Ms Burono a silkworm farmer shows journalists how to use a silk spinning machine used to extract fibre from silkworms. The Government donated the machine to farmers in Ikolomani recently.  [PHOTO: BENJAMIN SAKWA/STANDARD]

By Bryan Tumwa

Farmers in Ikolomani constituency, Kakamega County, are increasingly embracing silkworm farming.

A group of farmers under an organisation in the constituency are promoting the activity through knowledge sharing.

Initially, residents received the new economic activity with skepticism when it was first introduced about a year ago, but because of the economic benefits, more and more farmers have started embracing it.

Farmers have organised themselves in a group called the Iguhu Silk Worms rearing self-help group and according to them, they get higher returns with the worms than when planting maize and beans on small holder farms.

“At first telling farmers to keep caterpillars not only scared them, but it also sounded ridiculous to them. In fact, some associated it with witchcraft,” said Ms Emily Burono, an official of the group.

Recently, the Government through the Kenya Agricultural Production Agri-business Programme bought a silk extracting machine for the group to enable them extract fibre from the worms.

The fibre is then sold to fabric processing factories, which turn the fibre into clothes and other products.

Ms Burono says that on seeing how successful the venture proved for their colleagues, many more farmers began inquiring how they could start keeping their own silk worms.

A kilogramme of silk thread goes for Sh650, which the farmer says is a good amount of money worth the efforts they put in.

“A farmer is supposed to rear between 20,000 to 40,000 worms so as to get six to ten kilogrammes of silk per month. I can honestly say that it is better than planting maize or sugarcane,” said Buruno.

She adds that a farmer is required to plant mullubary trees on the farm from which the worms find their food to last them the entire thirty days of their lifespan.

Harvesting process

“Once we harvest the worms after thirty days, we place them in special trays from where they form cocoons. From there, we extract silk threads which we sell to International Centre for Insect Physiology and Ecology,” she said.

Remarkably, one thousand mullubary trees are what are needed to feed 20000 worms.

“We advise new farmers to also be careful when venturing into this venture because the worms are very delicate to rear and therefore require special attention all through,” cautioned Burono.

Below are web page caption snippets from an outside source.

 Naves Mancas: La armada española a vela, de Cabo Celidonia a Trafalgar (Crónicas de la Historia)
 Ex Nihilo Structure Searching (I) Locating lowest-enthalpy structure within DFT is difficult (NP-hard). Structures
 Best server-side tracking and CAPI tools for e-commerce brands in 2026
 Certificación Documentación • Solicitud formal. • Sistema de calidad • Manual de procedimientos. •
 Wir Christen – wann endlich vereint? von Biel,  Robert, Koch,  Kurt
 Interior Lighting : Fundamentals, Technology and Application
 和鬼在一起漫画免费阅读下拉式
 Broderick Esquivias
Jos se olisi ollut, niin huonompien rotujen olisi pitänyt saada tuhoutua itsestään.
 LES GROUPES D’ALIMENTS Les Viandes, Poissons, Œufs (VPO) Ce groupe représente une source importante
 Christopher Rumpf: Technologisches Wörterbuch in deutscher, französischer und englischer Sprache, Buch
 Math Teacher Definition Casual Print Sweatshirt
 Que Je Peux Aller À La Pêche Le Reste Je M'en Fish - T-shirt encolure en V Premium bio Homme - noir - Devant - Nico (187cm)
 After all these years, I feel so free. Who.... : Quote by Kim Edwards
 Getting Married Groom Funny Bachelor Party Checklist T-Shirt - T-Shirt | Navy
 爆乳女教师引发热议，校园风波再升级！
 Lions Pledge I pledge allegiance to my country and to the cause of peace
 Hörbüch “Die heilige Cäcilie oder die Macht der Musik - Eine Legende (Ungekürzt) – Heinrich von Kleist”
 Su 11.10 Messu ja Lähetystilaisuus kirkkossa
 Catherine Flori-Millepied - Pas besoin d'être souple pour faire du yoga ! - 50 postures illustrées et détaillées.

John Muyengo, the coordinator of the farmers’ organisation says they are in the process of recruiting more farmers into the group so as to produce more raw materials and in turn increase the commercial viability of the worm.

The mullberry tree is a flowering plants in the family Moraceae, and has between 10–16 species of deciduous trees which grow wild or under cultivation.

The berries produced by the tree provides food for the silkworms for thirty days befor harvesting.

A silkworm’s preferred food is the mulberry leaves.

It is entirely dependent on humans for its reproduction and does not occur naturally in the wild as many would assume since it is a worm.